Doch bereits nach wenigen Stunden gleichen große Teile des Hongkonger Stadtzentrums einem Schlachtfeld. Aktivisten blockieren Straßen, werfen Brandsätze und liefern sich Straßenschlachten mit Polizeikräften, die diesmal nicht nur mit Tränengas und Wasserwerfern reagieren. So wird einem 18-Jährigen von einem Polizisten aus nächster Nähe in die Schulter geschossen. Ein zweiter Demonstrant soll von einer Kugel in die Brust getroffen worden sein.
Es sind Szenen und Bilder, die die Führung in Peking vor allem an diesem Tag unbedingt vermeiden wollte. Denn der 1. Oktober sollte nach den Wünschen von Präsident und KP-Chef Xi Jinping ganz und ausschließlich im Zeichen der Ausrufung der Volksrepublik China durch Mao Zedong vor 70 Jahren stehen. Und für die großen Feierlichkeiten zum Gründungsjubiläum hat China auch alle Register gezogen. Bei der zweistündigen, live im Fernsehen übertragenen Militärparade in Peking marschieren rund 15.000 Soldaten im Stechschritt an den versammelten Parteikadern vorbei, die Volksbefreiungsarmee zeigt beeindruckende neue Waffensysteme wie eine 21 Meter lange Interkontinentalrakete oder einen supermodernen Hyperschallgleiter, der auch in der Lage ist, die hochgerüstete US-Luftabwehrsysteme zu überwinden.
Rütteln an der Allmacht
Doch der große geopolitische Rivale USA, den Xi mit der militärischen Machtdemonstration ganz offensichtlich beeindrucken wollte, rückt an diesem Tag aus dem Blick. Denn mittlerweile sind es nicht mehr die erbittert ausgefochtenen Handelsstreitigkeiten mit den USA oder der Kampf um die Vorherrschaft im Pazifikraum, die für Xi die größte Herausforderung seiner mittlerweile siebenjährigen Amtszeit darstellen, sondern die Proteste in Hongkong.

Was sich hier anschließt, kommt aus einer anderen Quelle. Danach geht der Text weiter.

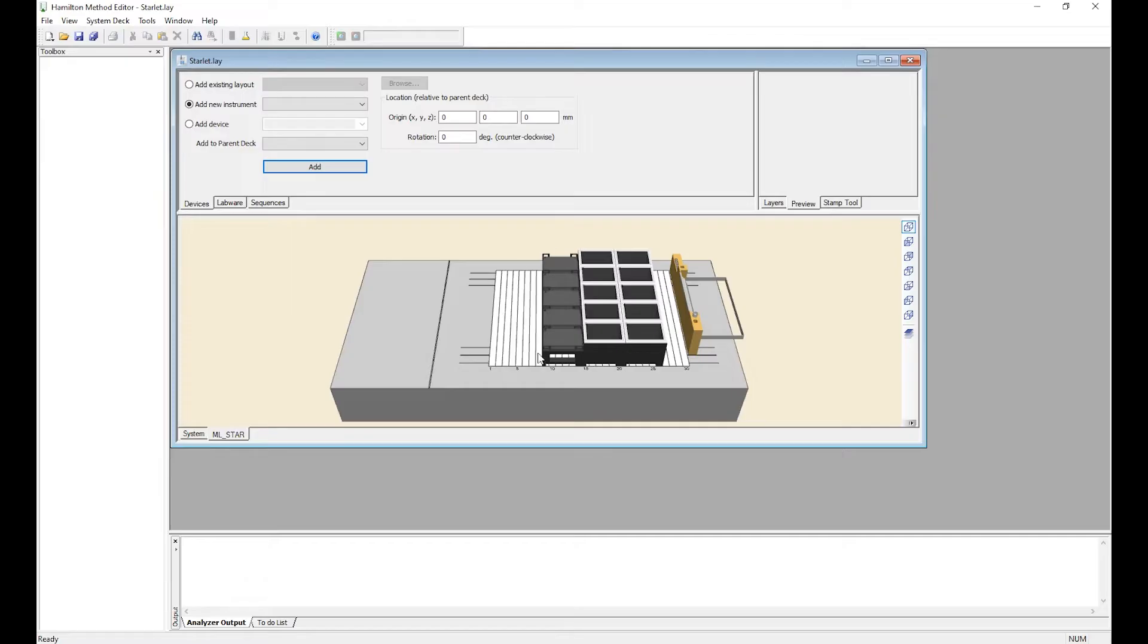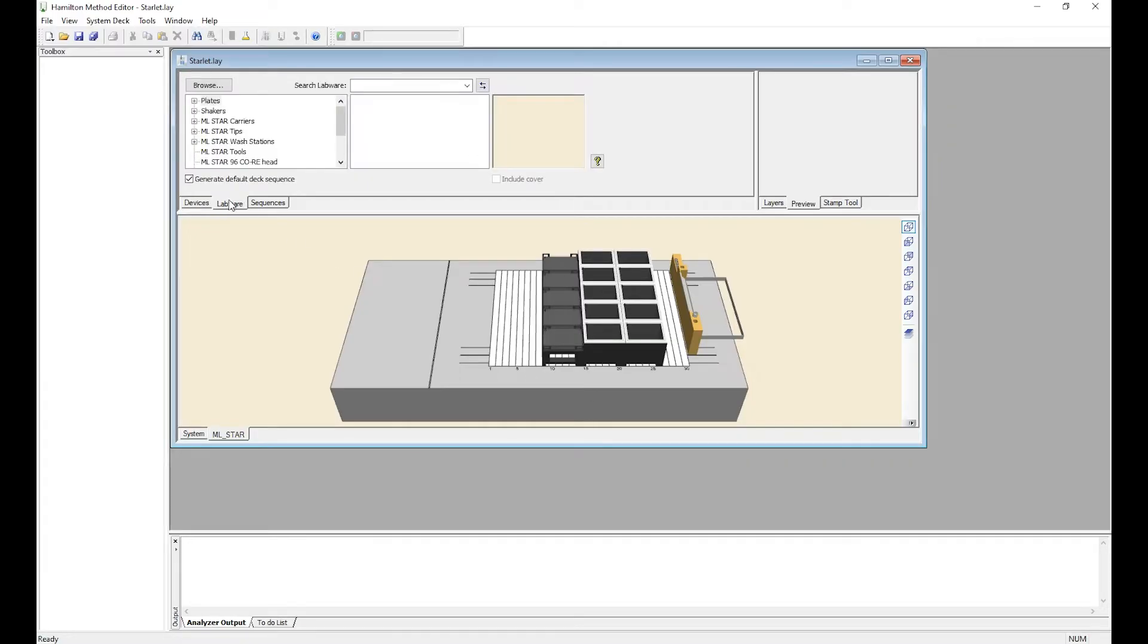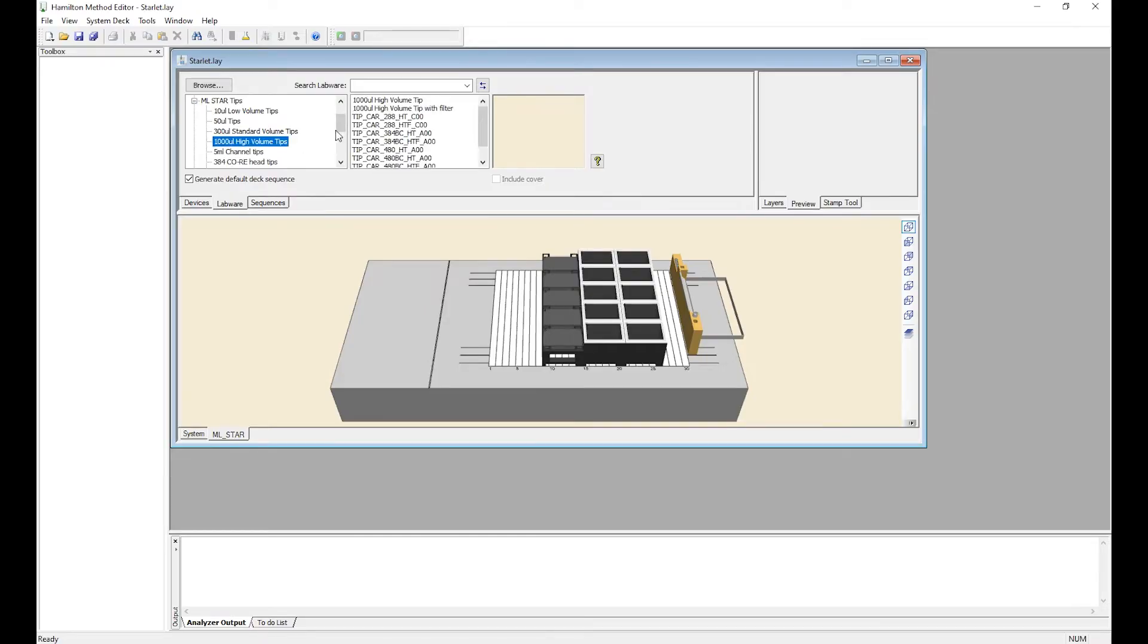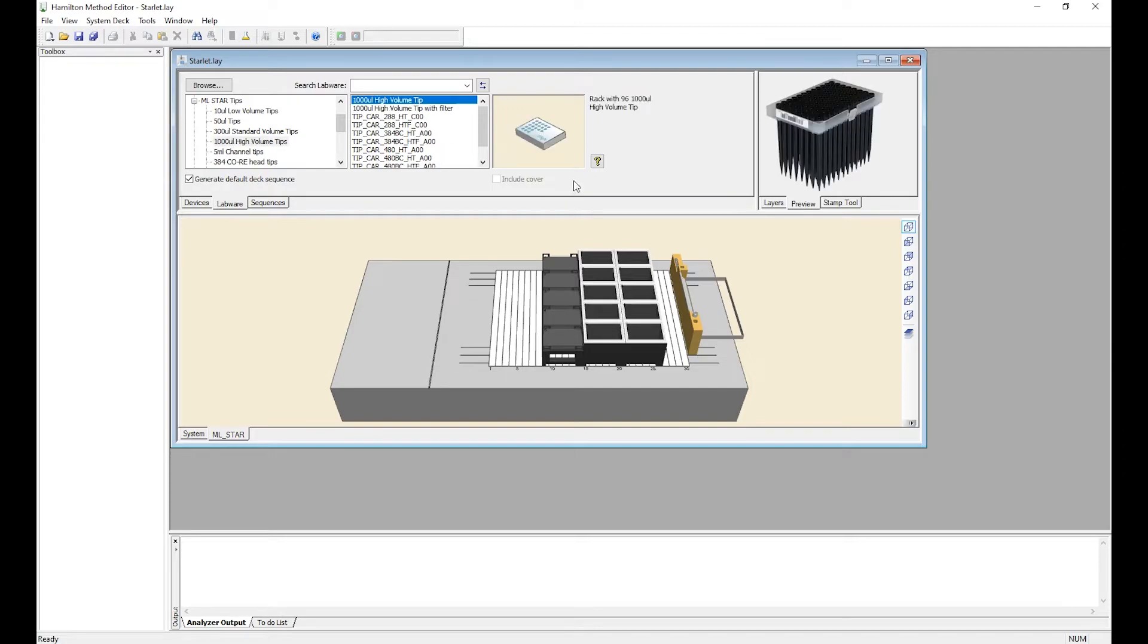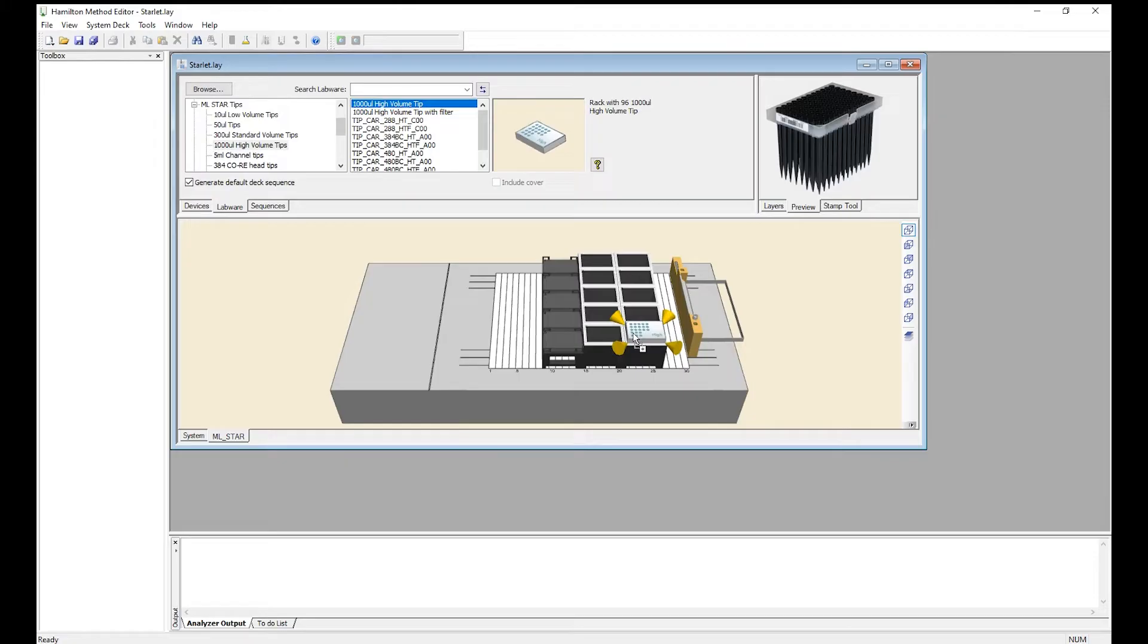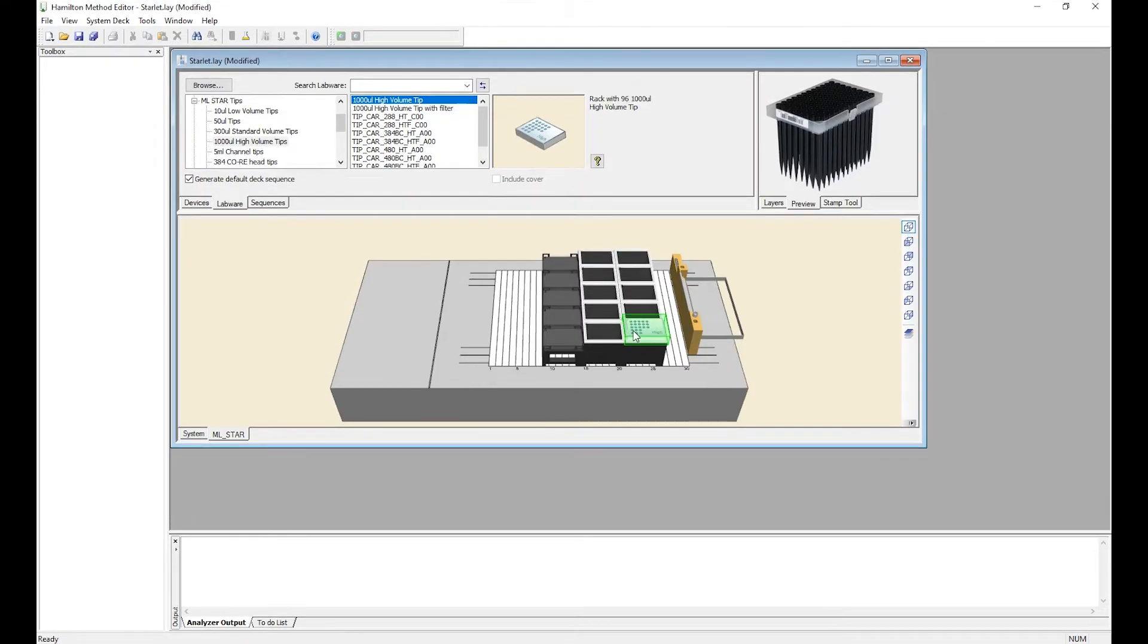Here we've already set up our deck positions and we're ready to create our method. First you'll need to load your deck with the labware needed. If you select labware, we're going to add tips. For today we're using the 1000 microliter high volume tips without filter. In order to put them on the deck you'll click here and drag it to the position where the existing tips are.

So rütteln die nun schon seit Monaten andauernden Demonstrationen in der 1997 an China übergebenen Sonderverwaltungszone nicht nur am Allmachtsanspruch der Führung in Peking, sondern stellen zunehmend auch jene Problemlösungskompetenz in Frage, die für die Partei in der Vergangenheit zu einer immer wichtigeren Legitimationsbasis geworden ist. Wann immer die Parteiführung ihren Machtanspruch bedroht sehe, greife sie zu Überwachung und Unterdrückung, sagt Kristin Shi-Kupfer vom Berliner China-Institut Merics. "Die jungen Menschen in Hongkong wollen sich aber nicht alles aufzwingen lassen. Sie wollen mitreden, wenn es um ihre Zukunft geht."

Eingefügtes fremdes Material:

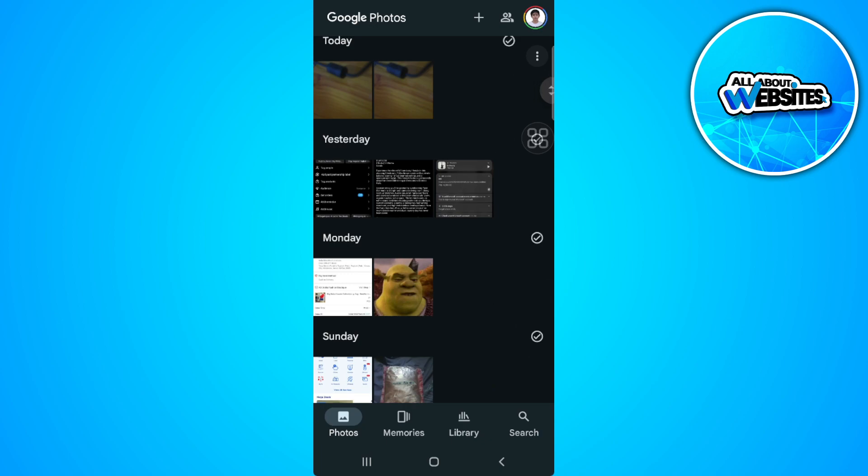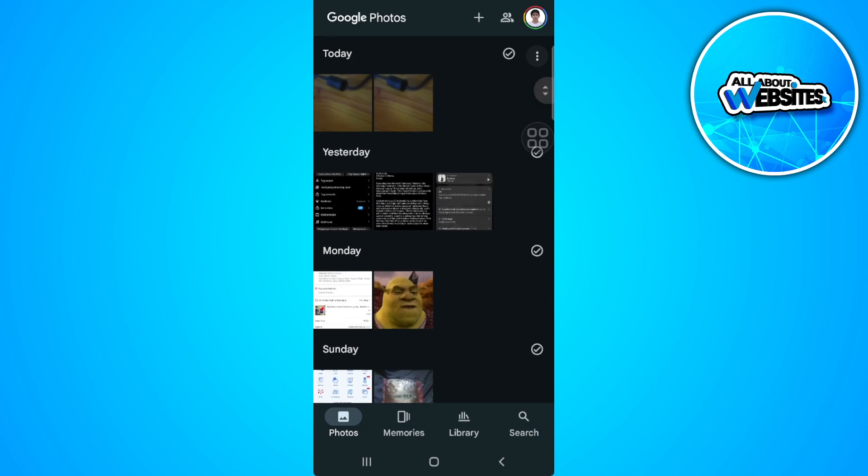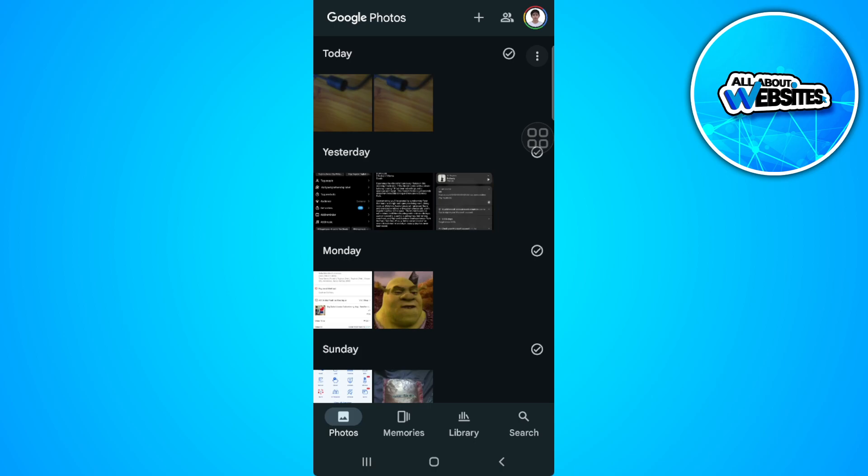As you can see, I have a duplicate photo here. So to delete the duplicate, you just want to press and hold on the photo and simply tap on delete.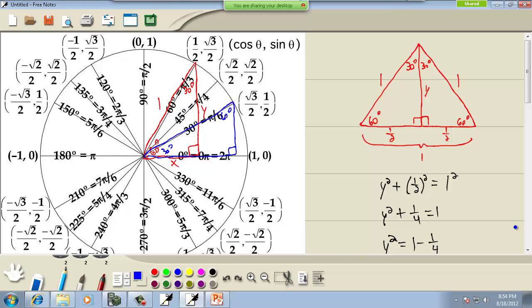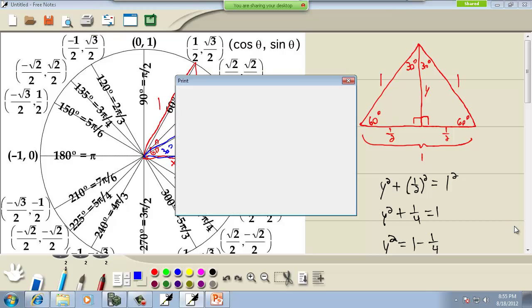So that's how you get these in the first quadrant. Then by symmetry as you go over to other quadrants all values are the same except the signs differ. In the first quadrant x and y are positive; in the second quadrant x is negative and y is positive; in the third quadrant both x and y are negative; in the fourth quadrant x is positive and y is negative.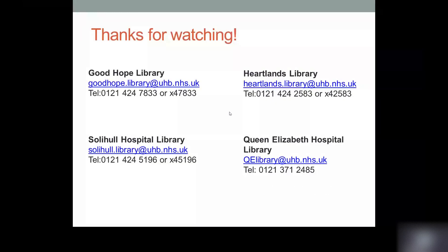Thank you very much for watching this video — we hope you enjoyed it and found it informative. If you have any further questions on literature searching or would like to give us some feedback, please contact your site library by email or by phone, or you can visit the library counter Monday to Friday, 9 till 5.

Bei seiner Rede am symbolträchtigen Tiananmen-Tor wendet sich der chinesische Staatschef daher auch explizit an die Menschen in Hongkong und sichert ihnen zu, auch weiterhin am Prinzip "Ein Land, zwei Systeme" festzuhalten. Gleichzeitig sendet Xi an diesem Tag aber auch ein eindeutiges Signal in Richtung der Demonstranten. "Keine Kraft kann die Grundfeste dieser großartigen Nation erschüttern", erklärt der Präsident in seiner Rede. Für die entsprechende Drohkulisse hat Xi dabei schon vor einigen Tagen gesorgt. So ist mit der letzten Truppenrotation die Zahl der chinesischen Militärangehörigen in Hongkong von 5000 auf 12.000 gestiegen.(rs)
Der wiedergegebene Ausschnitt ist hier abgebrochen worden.